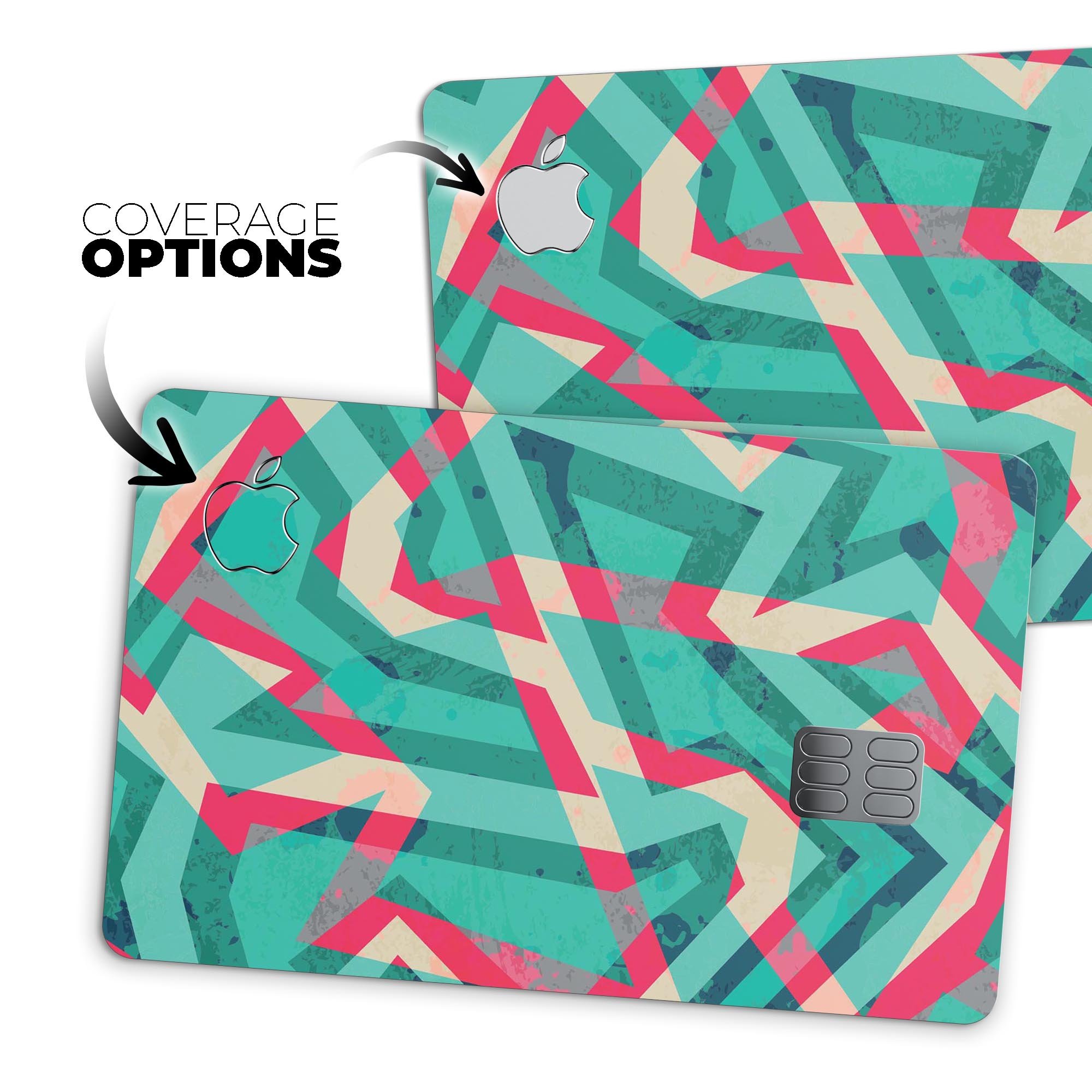 Trippy Retro Pattern decal skin for Apple Card, showcasing vibrant colors and unique design.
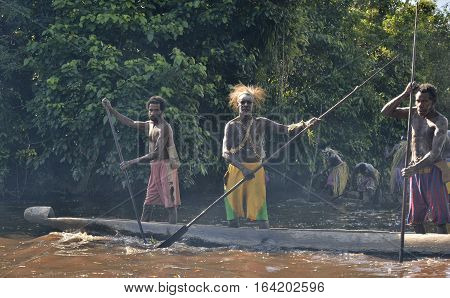 Indonesia, Irian Jaya, Asmat Province, Jow Village - June 23: Canoe War Ceremony Of Asmat People. He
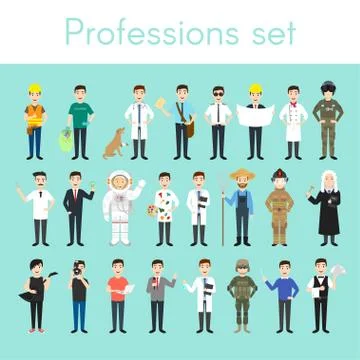 Vector set of different colorful man professions. Cartoon men characters. Doc Stock Illustration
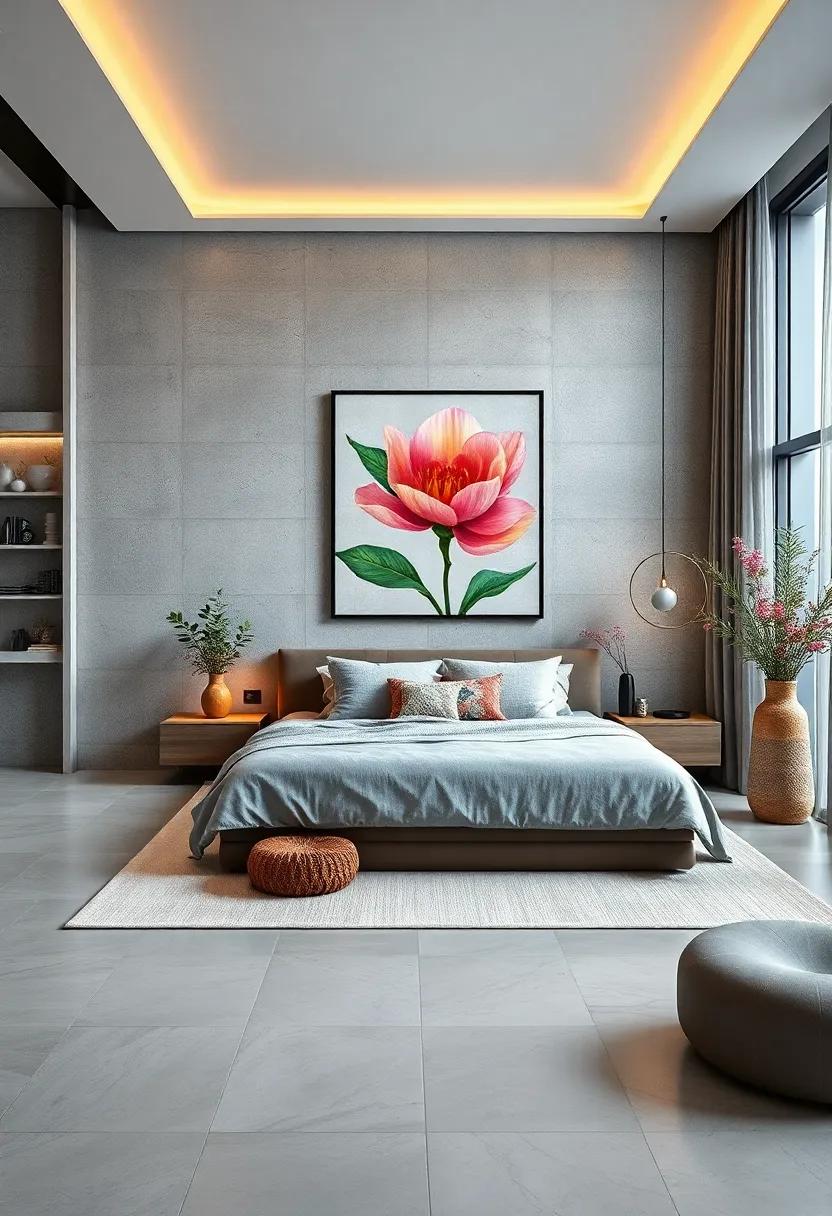 Urban Bloom: ⁤A contemporary setup ‌with a fusion of​ concrete and floral art, where soft petals collide beautifully with sharp lines for an unexpected twist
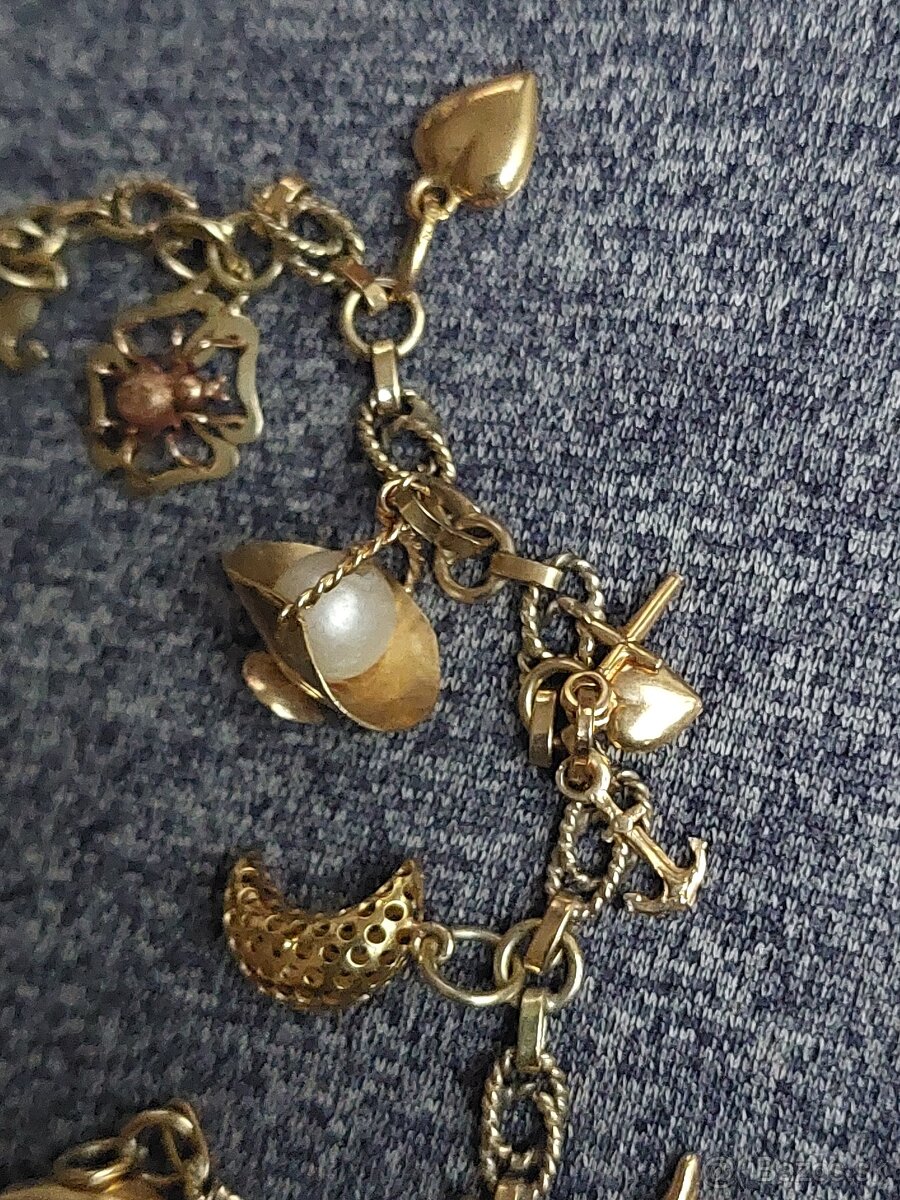 Starozitny zlaty damsky naramok - 10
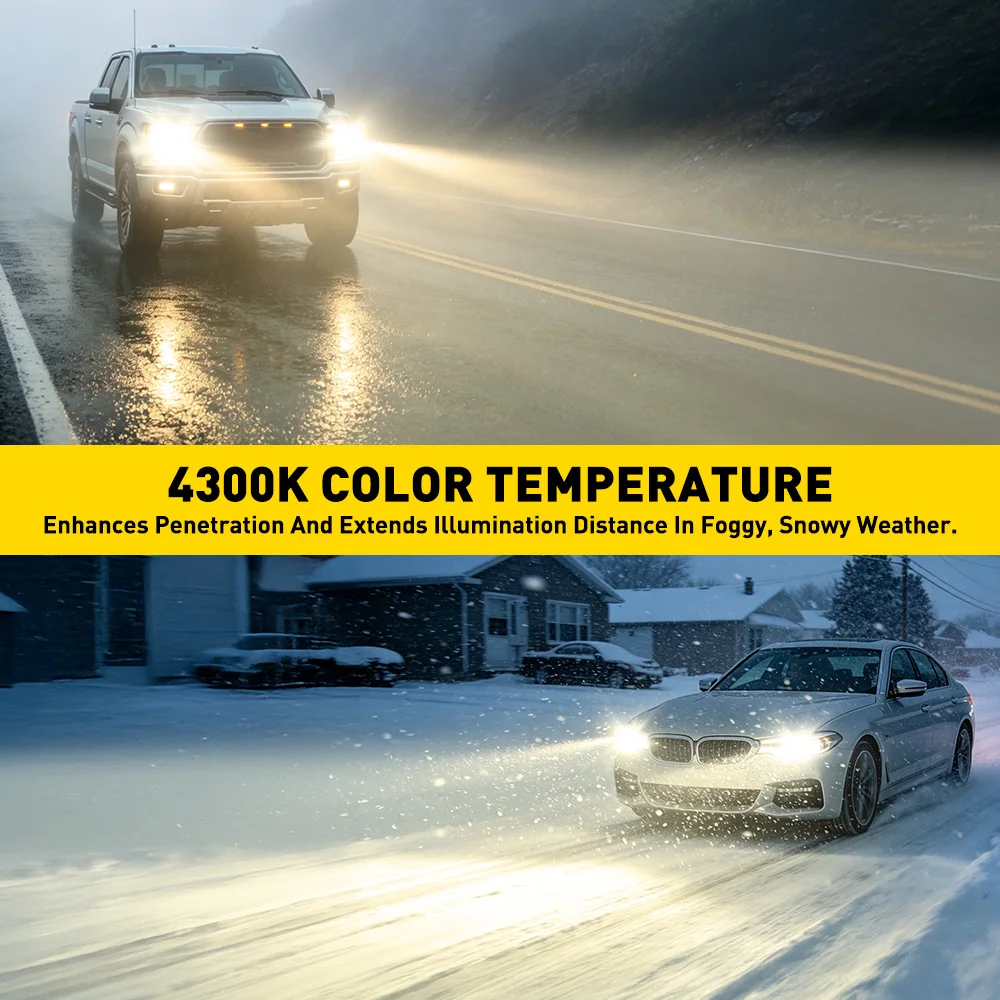 2개 AUXITO 110W H4 H7 LED 4300K 웜 화이트 프로젝터 미니 렌즈 캔버스 터보 헤드라이트 360 램프 상하향등 12V 자동차 전구 고출력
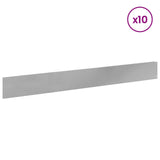 Lawn Edging 10 pcs 100 x 12 cm Steel Silver 8008804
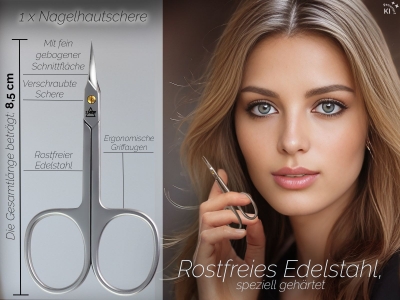 Profi Nagelscheren-Set Nagelschere Nagelhautschere Extra Fein und Scharf Edelstahl Manik�re Nagelknipser Hautschere mit gebogenen Schnittfl�chen f�r Damen und Herren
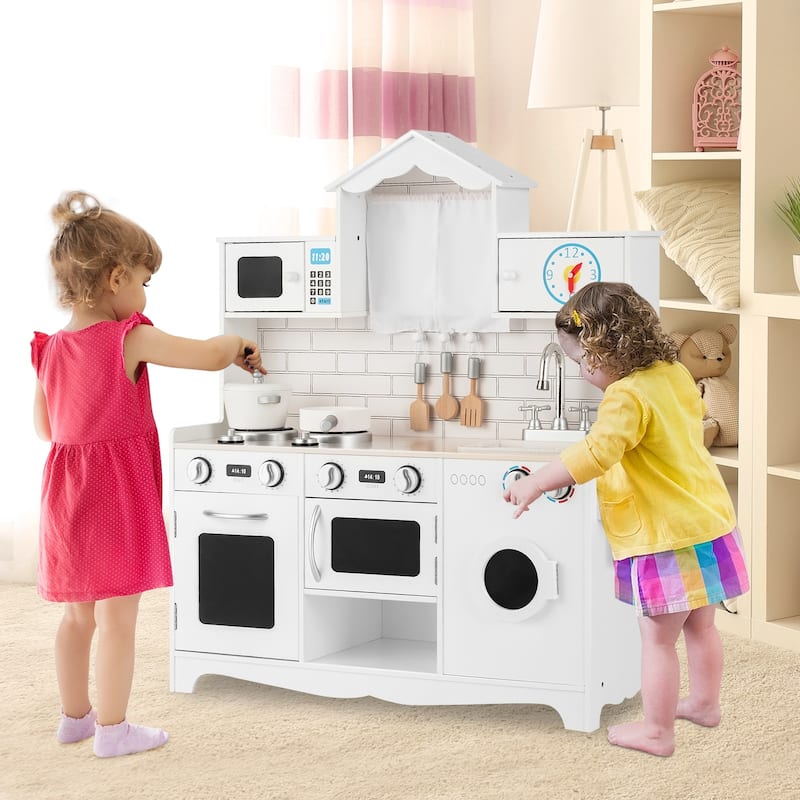 Wooden Kids Kitchen with Washing Machine - 31" x 12" x 35" - White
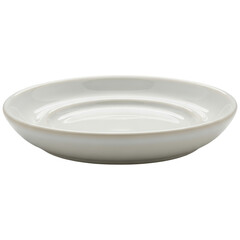 Elegant white shallow ceramic plate for dining and serving food, a versatile kitchenware item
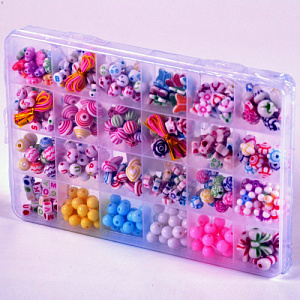 набор бусин для творчества, 24 вида, пл/уп м-10046 /mazari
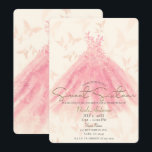 Invitation Papillon Dance Pêche Étincelle Robe Douce 16 Parti<br><div class="desc">Personnaliser pour tout événement</div>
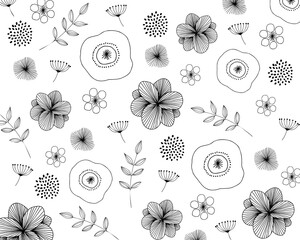 北欧線画花背景（モノクロ）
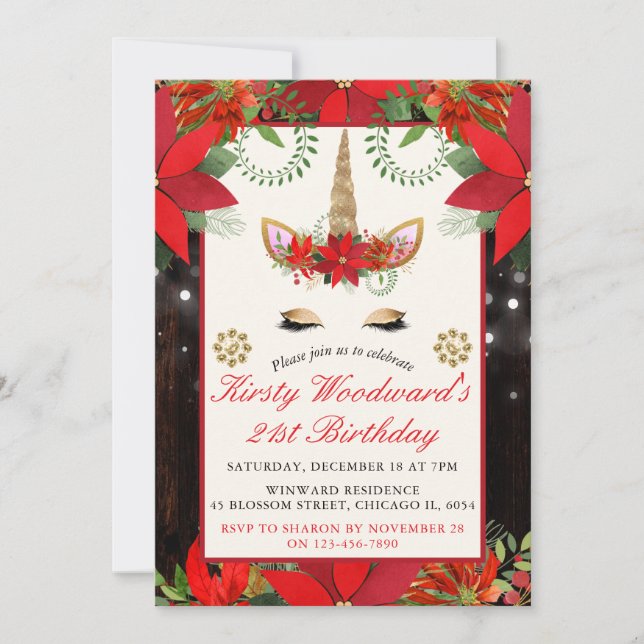 Elegant Christmas Poinsettia Unicorn Birthday Part Invitation (Front)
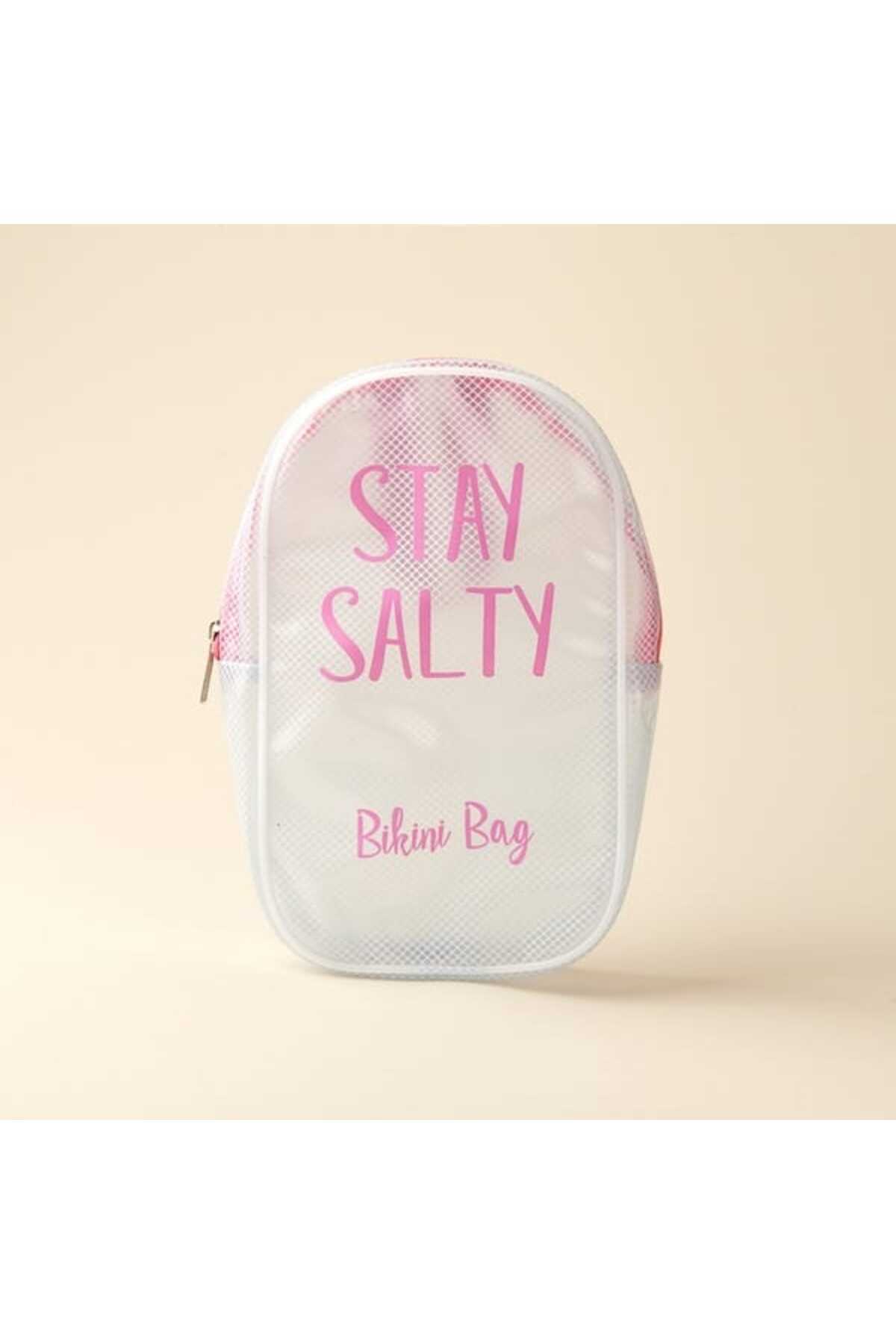 Stay Salty Kozmetik Çantası - Şeffaf / Pembe — رنگارنگ 06KHE192-6 — تصویر 2 از 4
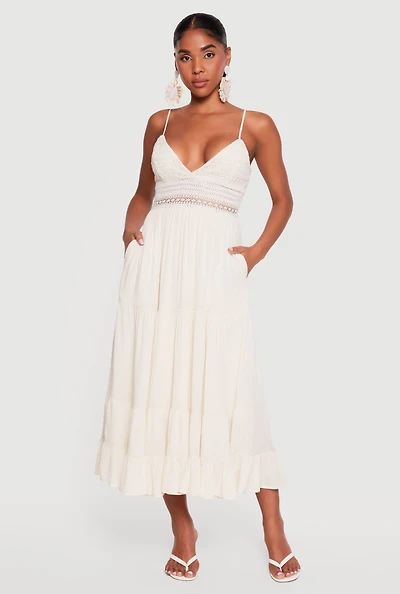Crochet Detail Sleeveless Tiered Midi Dress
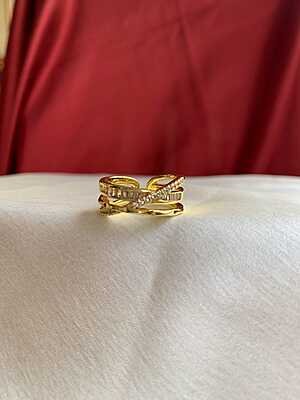 Luxe Criss-Cross Baguette Statement Ring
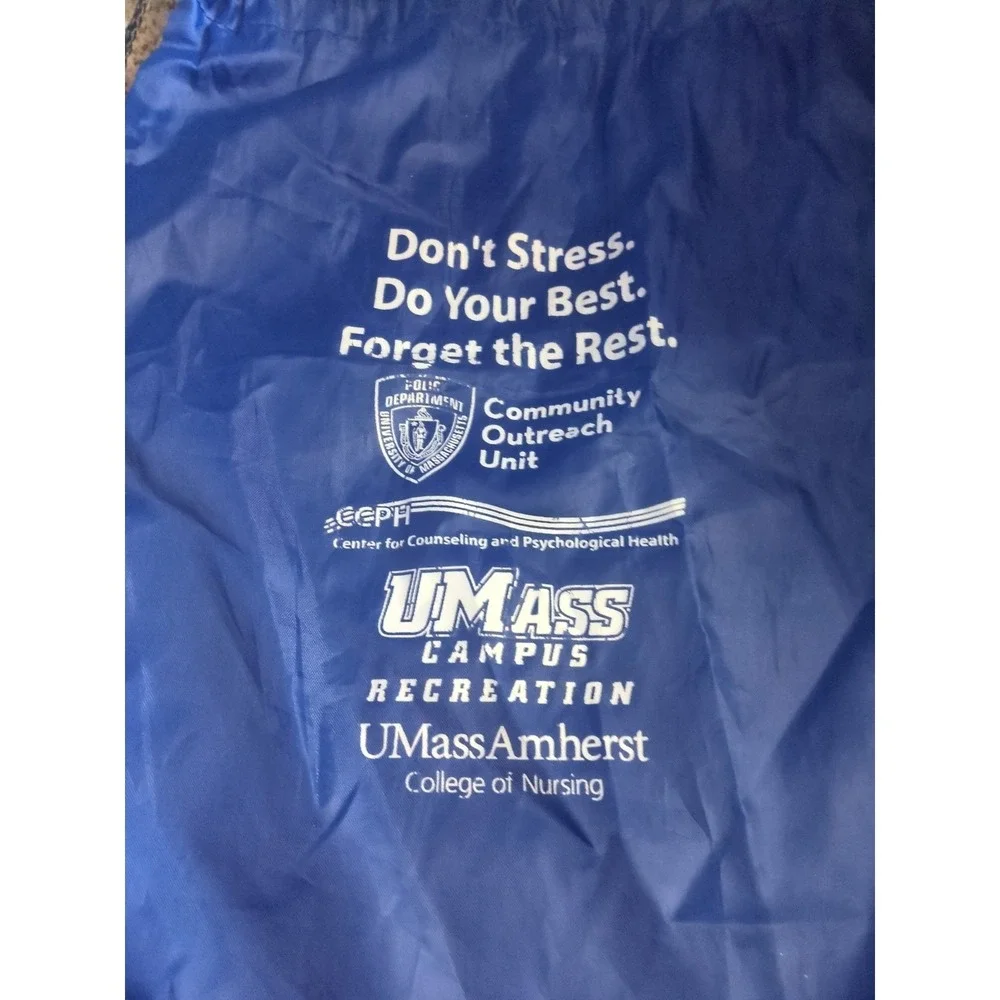 Umass Amherst Campus Recreation Blue Pull String Bag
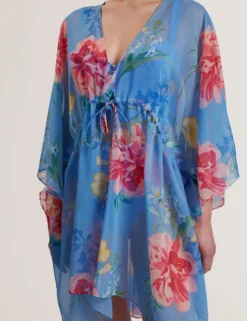 Floral Print Chiffon Mini Beach Kaftan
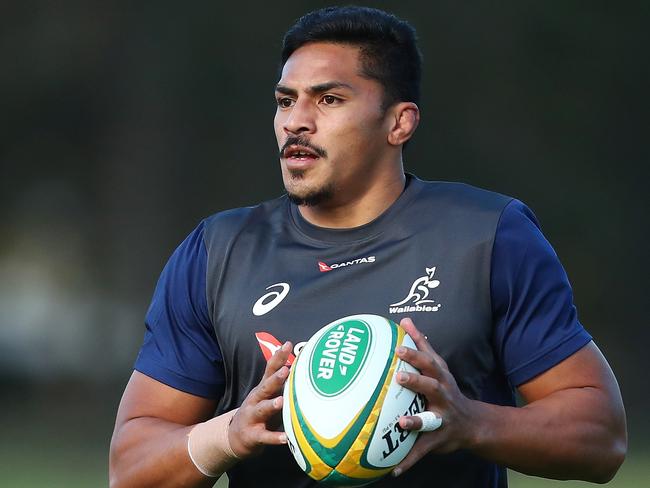 BRISBANE, AUSTRALIA - JUNE 05:  Peter Samu during an Australian Wallabies training session at Ballymore Stadium on June 5, 2018 in Brisbane, Australia.  (Photo by Chris Hyde/Getty Images)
* * *
About this task:
A faithful copy of all the data above, without its pictures, is the expected result.

Your response:
 Trippy Retro Pattern decal skin for Apple Card, showcasing vibrant colors and unique design.
 Indonesia, Irian Jaya, Asmat Province, Jow Village - June 23: Canoe War Ceremony Of Asmat People. He
 Vector set of different colorful man professions. Cartoon men characters. Doc Stock Illustration
 Urban Bloom: ⁤A contemporary setup ‌with a fusion of​ concrete and floral art, where soft petals collide beautifully with sharp lines for an unexpected twist
 Starozitny zlaty damsky naramok - 10
 2개 AUXITO 110W H4 H7 LED 4300K 웜 화이트 프로젝터 미니 렌즈 캔버스 터보 헤드라이트 360 램프 상하향등 12V 자동차 전구 고출력
 Lawn Edging 10 pcs 100 x 12 cm Steel Silver 8008804
 Profi Nagelscheren-Set Nagelschere Nagelhautschere Extra Fein und Scharf Edelstahl Manik�re Nagelknipser Hautschere mit gebogenen Schnittfl�chen f�r Damen und Herren
 Wooden Kids Kitchen with Washing Machine - 31" x 12" x 35" - White
 Elegant white shallow ceramic plate for dining and serving food, a versatile kitchenware item
 набор бусин для творчества, 24 вида, пл/уп м-10046 /mazari
 Invitation Papillon Dance Pêche Étincelle Robe Douce 16 Parti<br><div class="desc">Personnaliser pour tout événement</div>
 北欧線画花背景（モノクロ）
 Elegant Christmas Poinsettia Unicorn Birthday Part Invitation (Front)
 Stay Salty Kozmetik Çantası - Şeffaf / Pembe — رنگارنگ 06KHE192-6 — تصویر 2 از 4
Crochet Detail Sleeveless Tiered Midi Dress
 Luxe Criss-Cross Baguette Statement Ring
 Umass Amherst Campus Recreation Blue Pull String Bag
 Floral Print Chiffon Mini Beach Kaftan
 BRISBANE, AUSTRALIA - JUNE 05:  Peter Samu during an Australian Wallabies training session at Ballymore Stadium on June 5, 2018 in Brisbane, Australia.  (Photo by Chris Hyde/Getty Images)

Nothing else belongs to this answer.